Желание указать на более конкретные и точные изначальные импульсы, послужившие толчком к работе, приводит обязательно к ошибке или обману, в лучшем случае — к самообману. Разыскания этих начальных начал в малой степени интересны, ещё менее того поучительны и, в сущности говоря, никому не нужны. Самому писателю совершенно безразлично, что было раньше — курица или яйцо. Важно уметь сделать яичницу.
Вопрос пятый: «Когда работаете: утром, вечером, ночью?
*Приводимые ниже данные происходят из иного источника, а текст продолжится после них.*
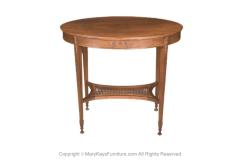 Antique English Hepplewhite Carved Bellflower Mahogany Caned Oval Side Table - 3061246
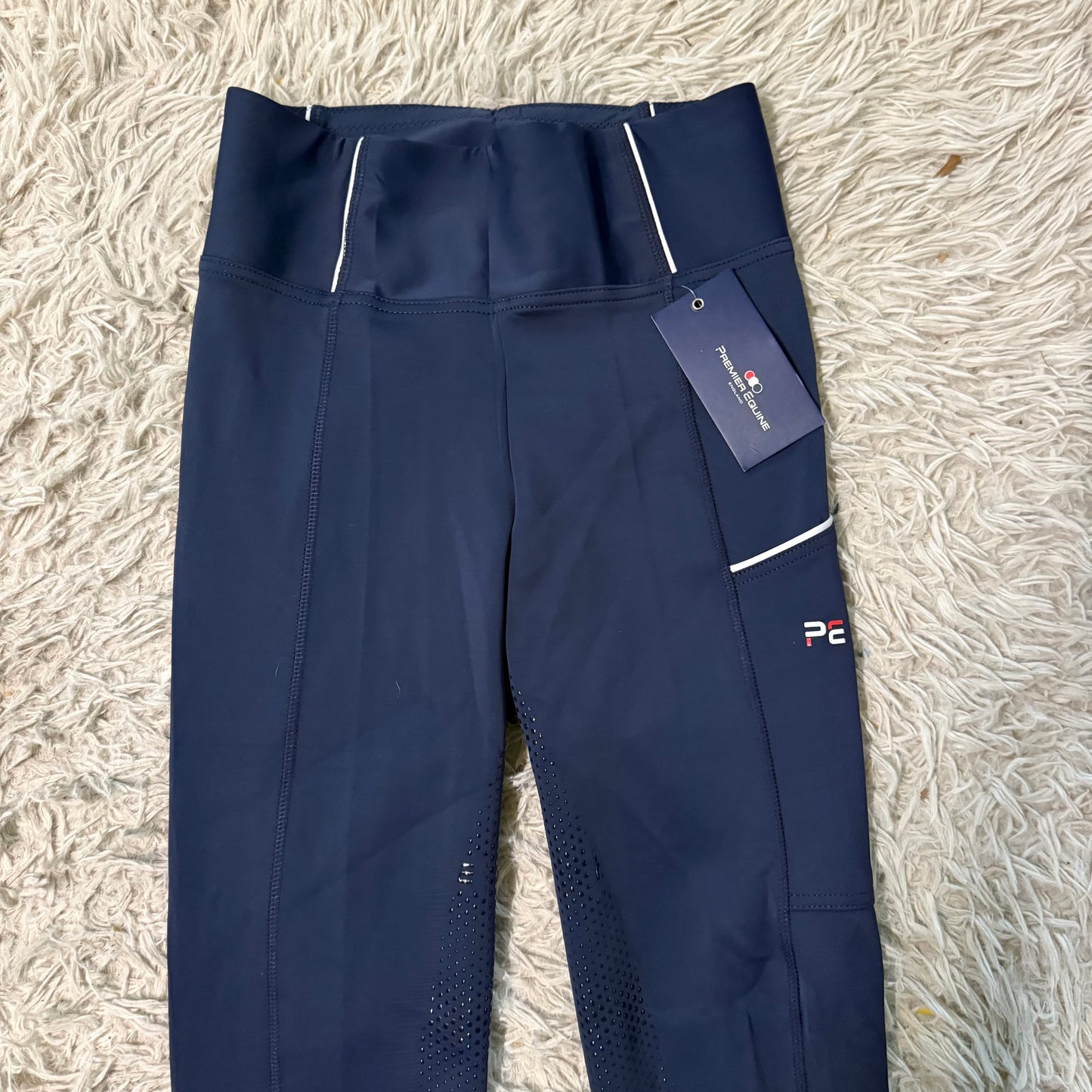 New Women’s Size 28R Navy Premier Equine Full Seat Horse Riding Tights Breeches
Сколько часов максимум?» Работает писатель всегда — и утром, и днём, и вечером, и ночью, и на рассвете, и в сумерках, и в будни, и в праздники, и в пути (Пушкин писал в одном из писем к жене: «... я и в коляске сочиняю»), и на больничной койке, и в объятиях любимой, и за обедом, и на собрании, и переходя людный перекрёсток, и на концерте, и наяву, и во сне. Писатель работает, как сердце, — безостановочно, круглые сутки, всю жизнь.
Вопрос шестой: «Примерная производительность в листах в месяц?»
На этот вопрос никто не в состоянии ответить. Производительности в листах у писателя нет и быть не может. Утром он написал пять страничек и в избытке чувств от удачно и хорошо сделанного прыгал вокруг письменного стола козлом. А вечером, пораздумав над написанным, разорвал всё в мелкие клочки и обрывки мрачно сунул в стоящую под столом корзинку. Вот тебе и производительность в листах.
Когда у одного писателя спросили как-то, хорошо ли он сегодня поработал и много ли написал, он ответил с воодушевлением: «О да. Я поставил сегодня запятую». Когда на другой день ему задали тот же вопрос, он с неменьшим воодушевлением воскликнул: «О, я сделал сегодня очень важное дело. Я зачеркнул запятую, которую поставил вчера». Я не помню, кто был героем этого эпизода — не то Флобер, не то Бернард Шоу. Впрочем, возможно, что это просто литературный анекдот. Но и в этом случае он верен и хорош. Жаль, что составители анкеты, по-видимому, не знали его.